Where ideas come from or How an ad video became the foundation for a new game

Hypercasual games haven’t disappeared from the stores’ top games charts for several years, with new projects being released daily. It seems like all the mechanics have already been invented, including the strangest ones. It becomes more difficult to find new ideas, especially for independent developers who can’t afford to take risks and try things out too often.

Experiments are built into our workflow, so we’re always looking for ideas and aren’t afraid to play around with something new.

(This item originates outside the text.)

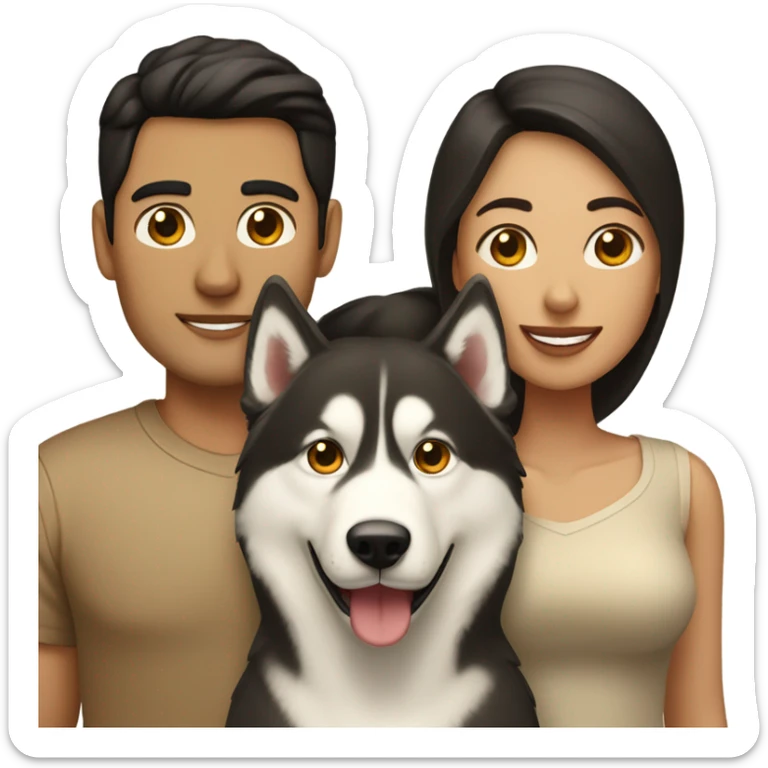 A couple man and woman Both have dark hair, with in the middle of them. A Husky. Golden beige sticker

  • The vote counting map inspired us to create State.io, which made it to the top charts.
  • Flightradar24, a real-time aircraft tracking site, led KishMish Games to create FlyCorp. Initially, FlyCorp was a PC game, so we adapted it together for mobile devices.
  • State Connect came to light thanks to Steam — we saw there the meditative Mini Motorways game with catchy gameplay and very juicy visuals (we’ll tell you more about its development soon).

And today I’ll give you an example of how we created the game by watching ads for non-existent gameplay.

From ads to games

I guess almost everyone saw marketing creatives where men fight with each other on rafts, attach new parts to their rafts, and save drowning people. But when such an ad video first appeared, this mechanic representing a separate game didn’t exist yet. We decided to fix the situation.

These ad videos caught us with the mechanics. It wasn’t really clear how to play it, but the idea was worth the candle.

In just a week, the guys from KORO.GAMES made the War of Rafts’ first prototype. We implemented only the basic mechanics to check if the core gameplay would be as fun as it looked in ad videos.

Then we first tested the project, and we immediately received good metrics: 45% rate of Day 1 Retention, which was accompanied by a very low CPI of about 23 cents in the US (0.03 cents worldwide), and lots of organic traffic.

The fact that the game will earn money became clear right away. All we had to was add meta and new mechanics, and polish the gameplay, so we added new things and tested the game by easy stages in about a month. As a result, we got:

  • Localizations to expand our audience
  • Bosses at the stage’s end to achieve long-term retention
  • Rafts’ new upgrades which players can open as they clear the stages (for long-term retention too) 
  • Rafts’ Attack and Armor stats (originally, there was only one stat — Strength) to ease the process of creating meta around these stats
  • Rewards, interstitial ads, disabling ads for monetization
  • Reworked UI, difficulty, level structure, and more

As a result, War of Rafts reached the Top 10 Free Games around the world (and the Top 2 in the US), and at its peak, the game earned more than $150,000 net profit per month.

We began to develop the game further: we added the base construction mode, which is a raft that players can upgrade and send to fight with random players; mini-games, e.g. players can control the raft’s turret and shoot enemies trying to get on board, and other features.

Thanks to regular updates and additions of content, the game doesn’t lose its positions even a year after its release — War of Rafts still appears in the Top 1 charts of separate countries. War of Rafts has outgrown the hypercasual genre and became something more, but I think it’s a story for another article.

Vladimir Korobeynikov, CEO at KORO.GAMES

The project again showed that the market still has plenty of room for new ideas and experiments, even when it seems everything you come up with has already been invented by someone else. You can find inspiration literally everywhere.